Le dé bat sur l’adoption d’une législation fondée sur la charia montre que les Indonésiens veulent continuer à analyser certains points importants concernant la nature même de leur démocratie. Le débat ne porte pas vraiment sur la question de savoir si la charia est une bonne ou mauvaise chose mais il s’agit plutôt d’en comprendre la vraie signification et d’en définir le lien avec l’Etat, et forcément avec la philosophie nationale du Pancasila, expression fondamentale du pluralisme indonésien, qui reprend des pensées hindoues, bouddhistes et occidentales.

En fin de compte, ce débat porte sur la définition même de la nation indonésienne et ce que signifie d’être indonésien. Nous avons tous des identités multiples.
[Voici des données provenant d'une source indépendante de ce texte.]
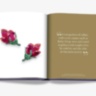 Boghossian: Expertise, Craftsmanship, Innovation ASSOULINE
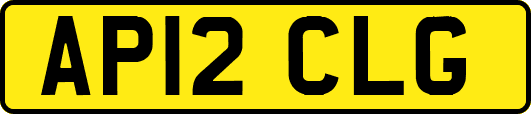 AP12CLG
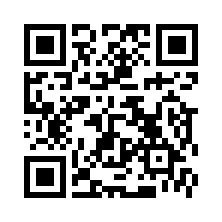 QR Code for 14FpSA5bgr2YjbYawgFJLZmZ44DHiUkdEM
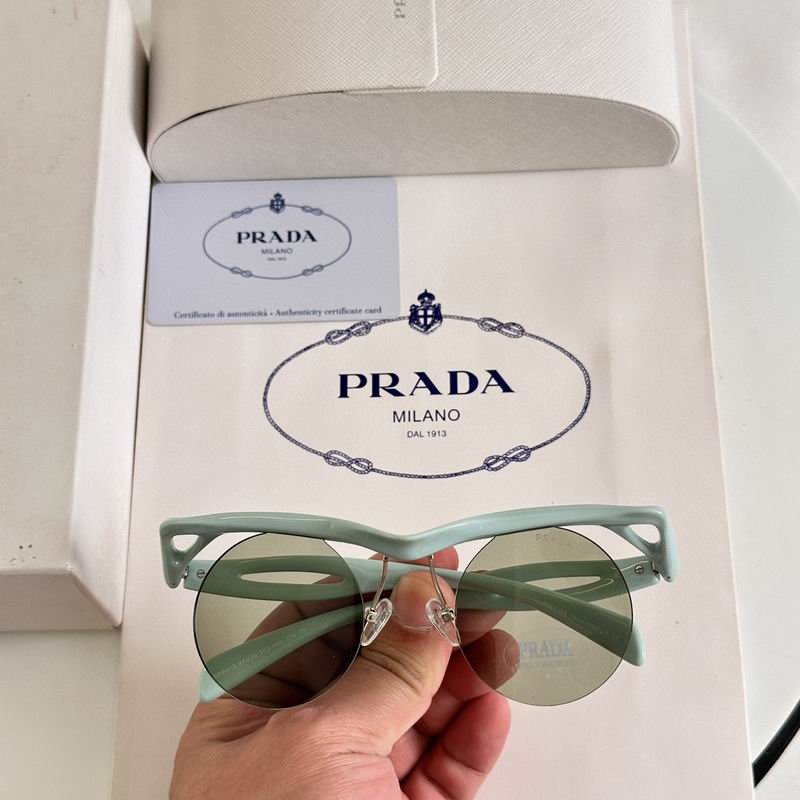 Prada SPRA15 47 20-135 e05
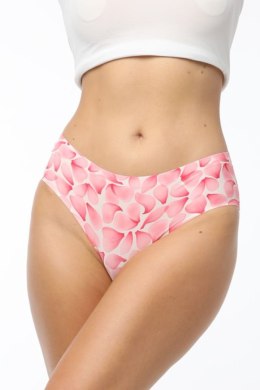 FIGI ROSE FLAKES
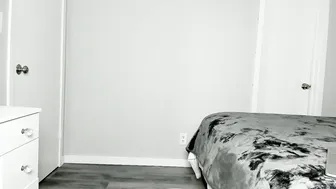 babbyjacks recorded nude video 176718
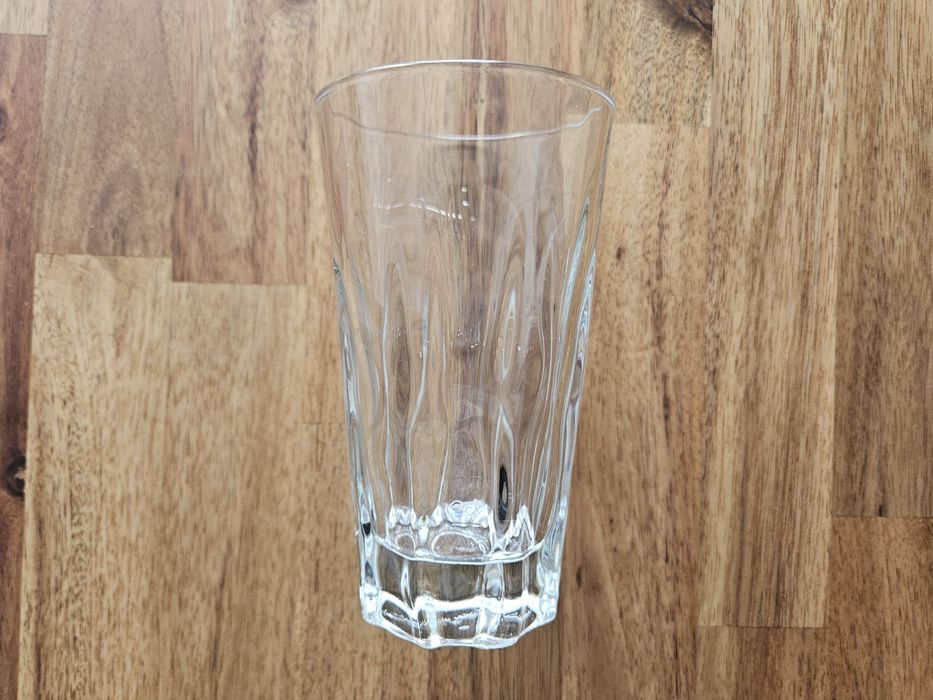 Szklanka do drinków finlandia 340 ml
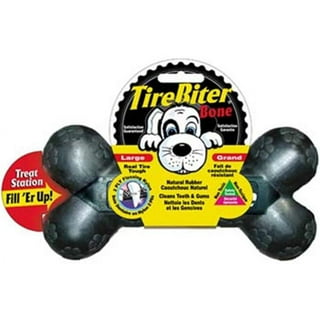 PERZOE Treat Tower Dog, Slow Feeder Toy for Dog Mental Stimulation, Dog  Enrichment Toy, Feeders Treat Toys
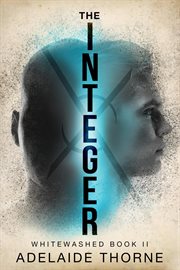 The integer cover image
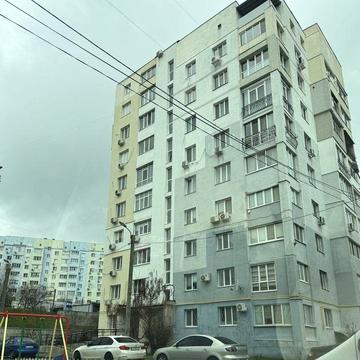 Продаж 1 кімнатна квартира Олексіївка/ЖК Перемоги ЖК Перемоги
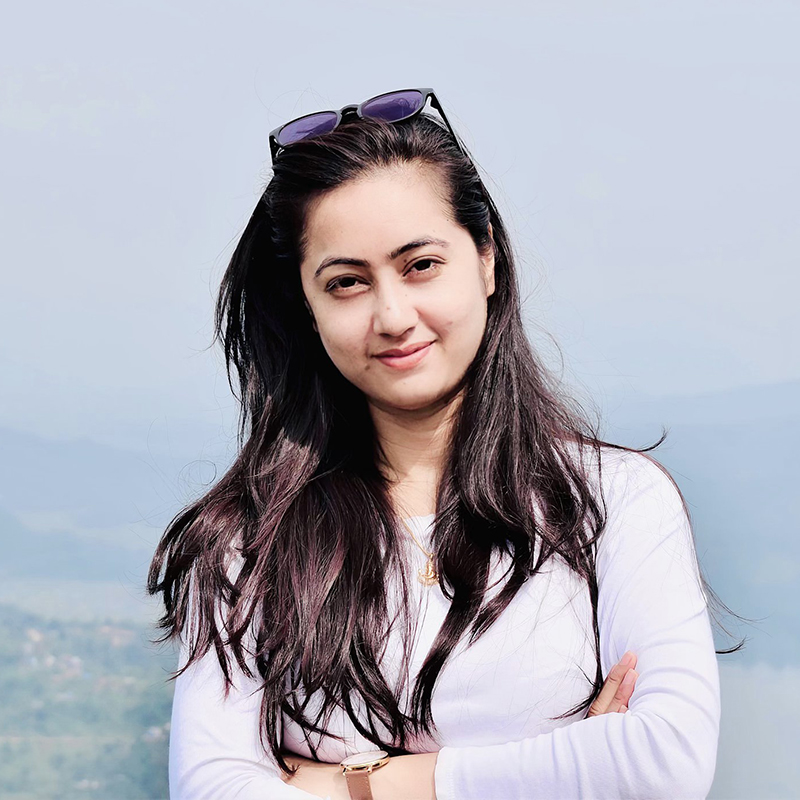 Energy and Environment Institute (@eeiathull) on Twitter photo A big welcome to Dr Saraswati Thapa who has joined the EEI as a Post Doctoral Research Associate on the Pamana project, which looks at long-term impacts of mining on Philippine River systems and sustainability. <a href="/sarasthap/">Saraswati Thapa</a>
Find out more about Pamana: hull.ac.uk/research/insti… A big welcome to Dr Saraswati Thapa who has joined the EEI as a Post Doctoral Research Associate on the Pamana project, which looks at long-term impacts of mining on Philippine River systems and sustainability. <a href="/sarasthap/">Saraswati Thapa</a>
Find out more about Pamana: hull.ac.uk/research/insti…
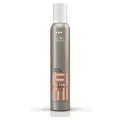 Produktbild: Eimi Extra VolumeVolumenmousse mit starker FixierungFixierungsgrad: 3Trocknen Si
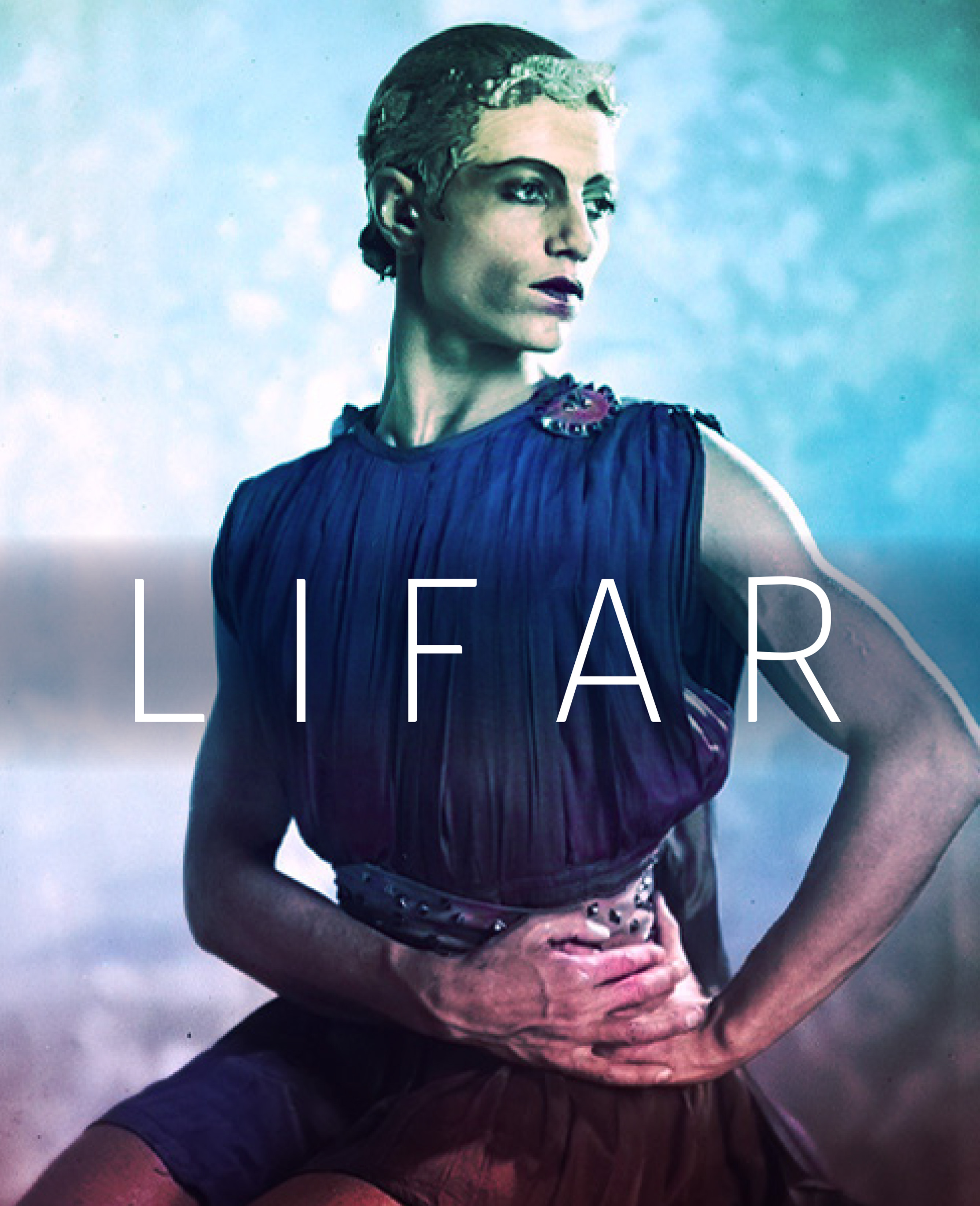 Lifar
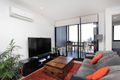 Property photo of 611/1 Foundry Road Sunshine VIC 3020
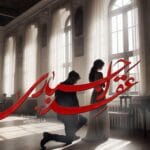 دانلود رمان عقد اجباری
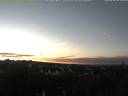Vorschaubild von 30.10.2026 16:39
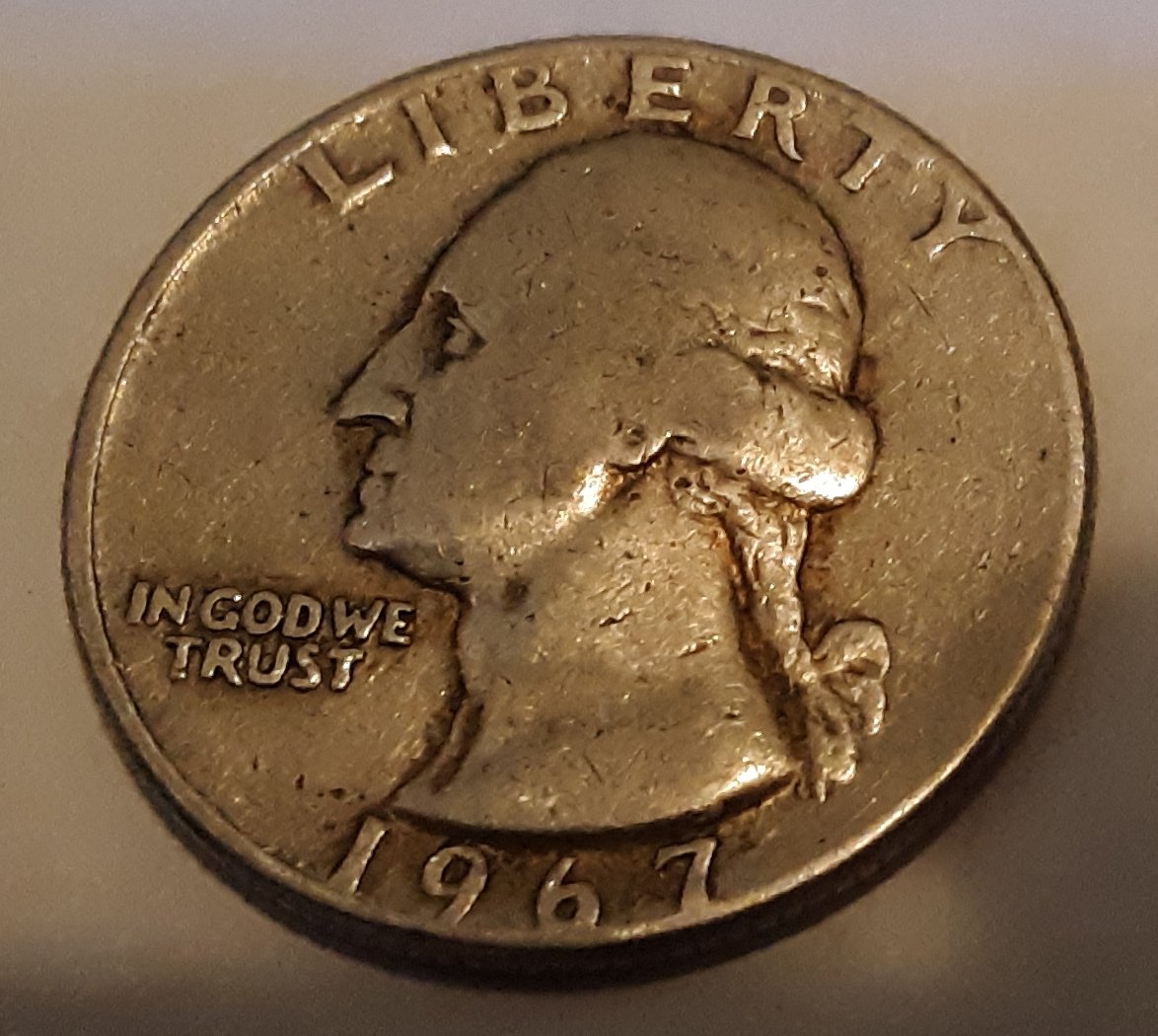 1967-Quater--Error-Or-Not?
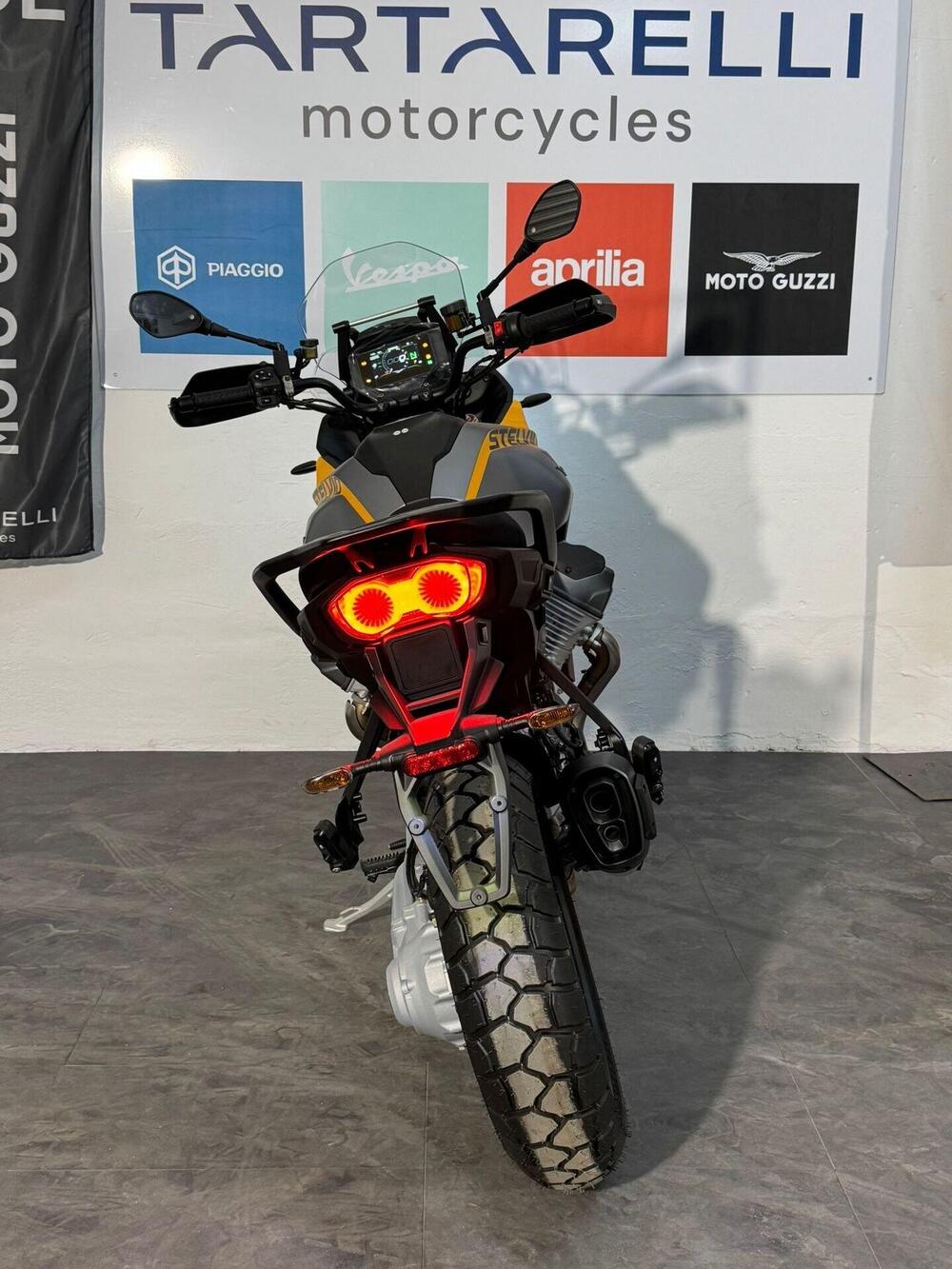 Moto Guzzi Stelvio PFF (2024 - 26) (6)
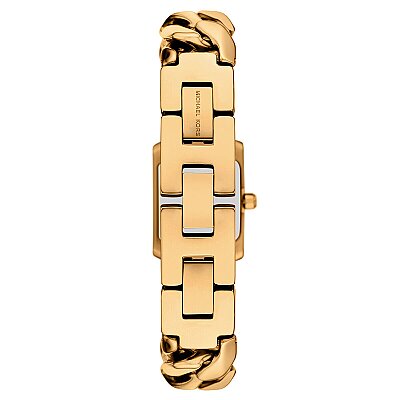 Michael Kors MK7655SET Kadın Kol Saati ve Bileklik Seti - 3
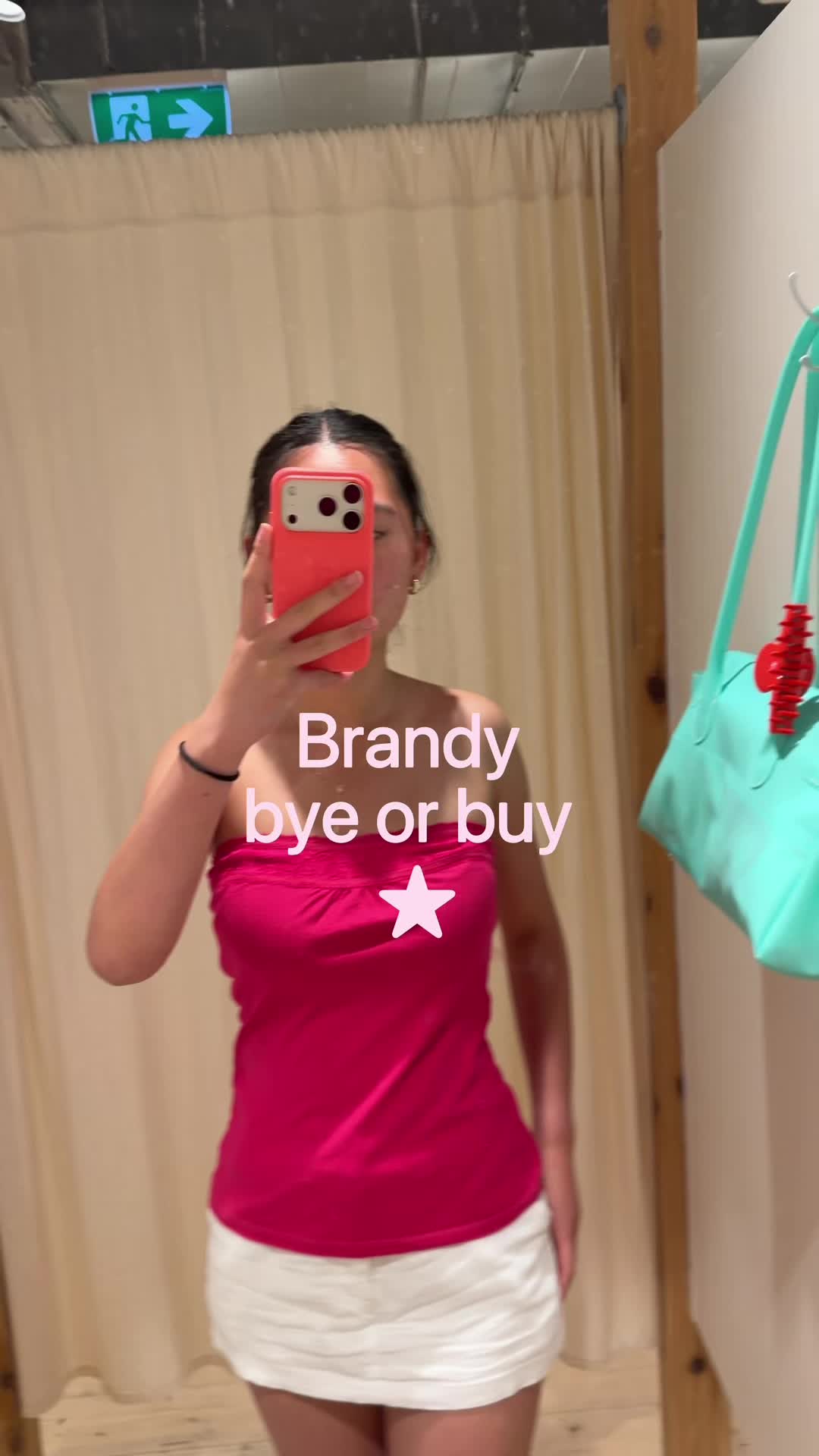 @Nikkie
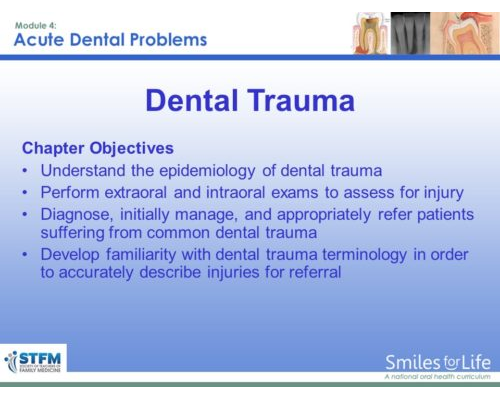 Module 4 Slide 22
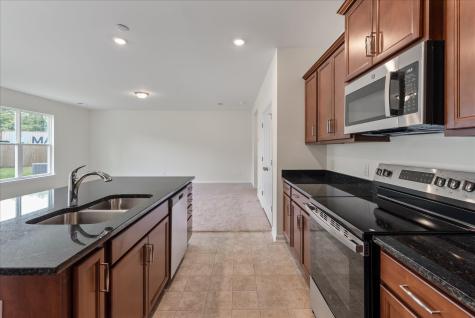 353 Blue Oak Drive Moncks Corner SC 29461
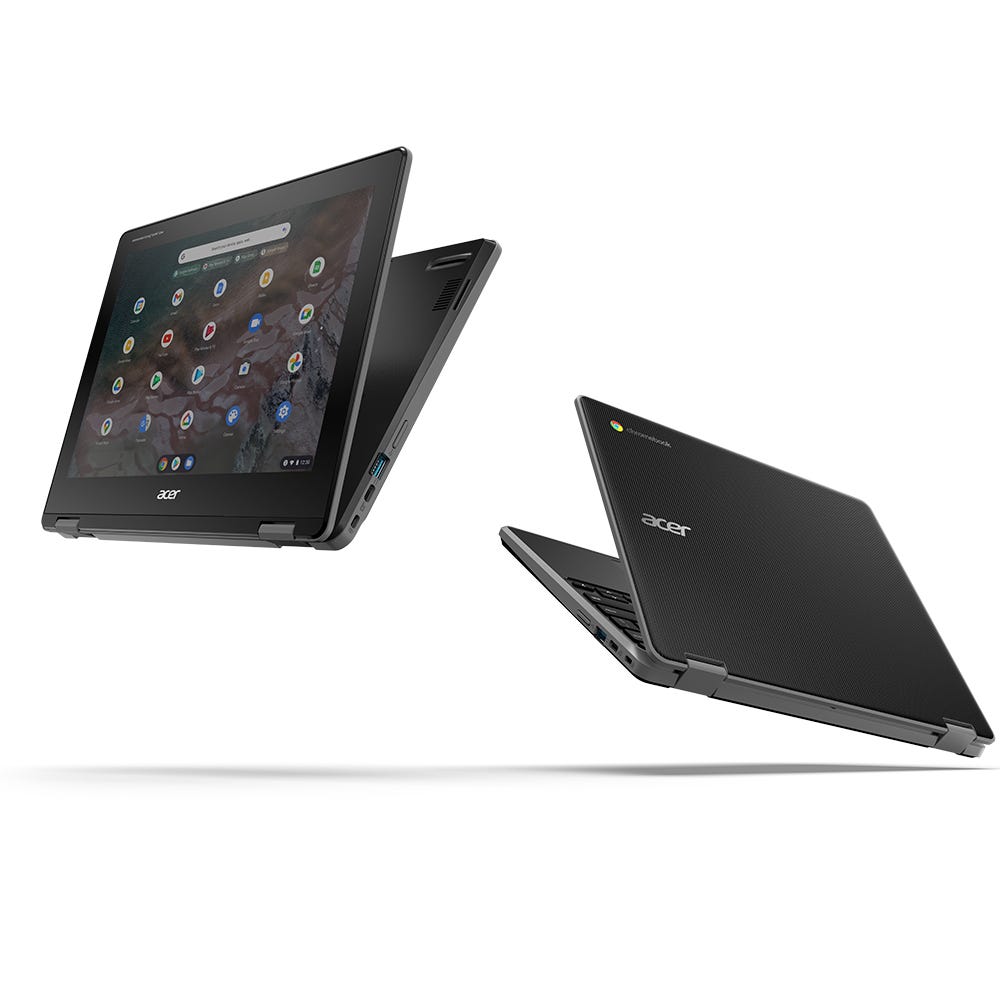 acer-chromebook-spin-512-r853ta-dual-photo.png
Nous pourrions nous définir comme étudiant, professeur, mari, femme, athlète ou musicien, à partir de tout un éventail d’images qui forment notre personne faite de divers éléments. Cependant pour qu’une nation puisse définir ce qu’elle est, il est essentiel qu’un des composants ancrés dans l’esprit de ses habitants soit celle de leur identité nationale.

Cependant, il ne suffit pas d’être simplement américain, allemand, indonésien ou turc. Pour sentir qu’on appartient à une nation, il faut que l’identité nationale corresponde à un sens de la communauté et il est donc nécessaire d’avoir un certain nombre de valeurs communes.

La plupart des nations sont issues d’une longue histoire et d’ un passé communs. Dans la plupart des pays d’Europe occidentale, la langue, la religion et des traditions culturelles viennent renforcer ce passé. Ainsi, Italiens et Français, pour la plupart catholiques, prirent de plus en plus conscience de leur différence et cette prise de conscience devint l’expression de leur nationalisme.

De même, les Indonésiens sont musulmans comme d’autres peuples, mais l’islam n’est qu’un élément de leur identité nationale- cela est d’autant plus vrai pour les dizaines de millions d’Indonésiens qui ne sont pas musulmans.

Le défi de l’Indonésie est de trouver une façon de faire une place pour la charia, sans que cela détruise le caractère unique de ce pays par rapport au reste du monde musulman, et sans non plus que cela ne lèse les Indonésiens non musulmans.